### What is needed
Without skipping anything, write out each record below exactly.

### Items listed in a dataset

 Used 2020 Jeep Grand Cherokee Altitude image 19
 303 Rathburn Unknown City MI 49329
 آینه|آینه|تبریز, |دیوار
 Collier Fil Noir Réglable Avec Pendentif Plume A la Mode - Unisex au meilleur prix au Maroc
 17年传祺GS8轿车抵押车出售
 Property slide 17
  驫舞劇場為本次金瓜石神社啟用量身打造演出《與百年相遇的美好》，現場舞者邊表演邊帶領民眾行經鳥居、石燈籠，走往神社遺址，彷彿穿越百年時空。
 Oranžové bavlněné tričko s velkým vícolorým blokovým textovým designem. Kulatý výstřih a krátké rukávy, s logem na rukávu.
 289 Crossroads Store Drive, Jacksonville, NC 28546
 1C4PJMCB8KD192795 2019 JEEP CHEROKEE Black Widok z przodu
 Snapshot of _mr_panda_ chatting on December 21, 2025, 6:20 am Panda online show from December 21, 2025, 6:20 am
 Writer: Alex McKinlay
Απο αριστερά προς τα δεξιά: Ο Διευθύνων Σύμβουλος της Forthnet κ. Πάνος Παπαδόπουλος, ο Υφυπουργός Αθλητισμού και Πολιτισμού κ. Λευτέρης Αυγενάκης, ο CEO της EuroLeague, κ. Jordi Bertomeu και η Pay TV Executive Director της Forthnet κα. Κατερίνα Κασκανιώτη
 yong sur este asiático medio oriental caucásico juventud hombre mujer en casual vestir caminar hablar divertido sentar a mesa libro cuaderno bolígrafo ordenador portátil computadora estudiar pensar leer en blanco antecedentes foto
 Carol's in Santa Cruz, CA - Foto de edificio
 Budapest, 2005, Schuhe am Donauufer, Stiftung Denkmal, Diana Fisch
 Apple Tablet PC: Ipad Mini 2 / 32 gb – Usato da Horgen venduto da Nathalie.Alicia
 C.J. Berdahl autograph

### Solved problem
 Used 2020 Jeep Grand Cherokee Altitude image 19
 303 Rathburn Unknown City MI 49329
 آینه|آینه|تبریز, |دیوار
 Collier Fil Noir Réglable Avec Pendentif Plume A la Mode - Unisex au meilleur prix au Maroc
 17年传祺GS8轿车抵押车出售
 Property slide 17
  驫舞劇場為本次金瓜石神社啟用量身打造演出《與百年相遇的美好》，現場舞者邊表演邊帶領民眾行經鳥居、石燈籠，走往神社遺址，彷彿穿越百年時空。
 Oranžové bavlněné tričko s velkým vícolorým blokovým textovým designem. Kulatý výstřih a krátké rukávy, s logem na rukávu.
 289 Crossroads Store Drive, Jacksonville, NC 28546
 1C4PJMCB8KD192795 2019 JEEP CHEROKEE Black Widok z przodu
 Snapshot of _mr_panda_ chatting on December 21, 2025, 6:20 am Panda online show from December 21, 2025, 6:20 am
 Writer: Alex McKinlay
Απο αριστερά προς τα δεξιά: Ο Διευθύνων Σύμβουλος της Forthnet κ. Πάνος Παπαδόπουλος, ο Υφυπουργός Αθλητισμού και Πολιτισμού κ. Λευτέρης Αυγενάκης, ο CEO της EuroLeague, κ. Jordi Bertomeu και η Pay TV Executive Director της Forthnet κα. Κατερίνα Κασκανιώτη
 yong sur este asiático medio oriental caucásico juventud hombre mujer en casual vestir caminar hablar divertido sentar a mesa libro cuaderno bolígrafo ordenador portátil computadora estudiar pensar leer en blanco antecedentes foto
 Carol's in Santa Cruz, CA - Foto de edificio
 Budapest, 2005, Schuhe am Donauufer, Stiftung Denkmal, Diana Fisch
 Apple Tablet PC: Ipad Mini 2 / 32 gb – Usato da Horgen venduto da Nathalie.Alicia
 C.J. Berdahl autograph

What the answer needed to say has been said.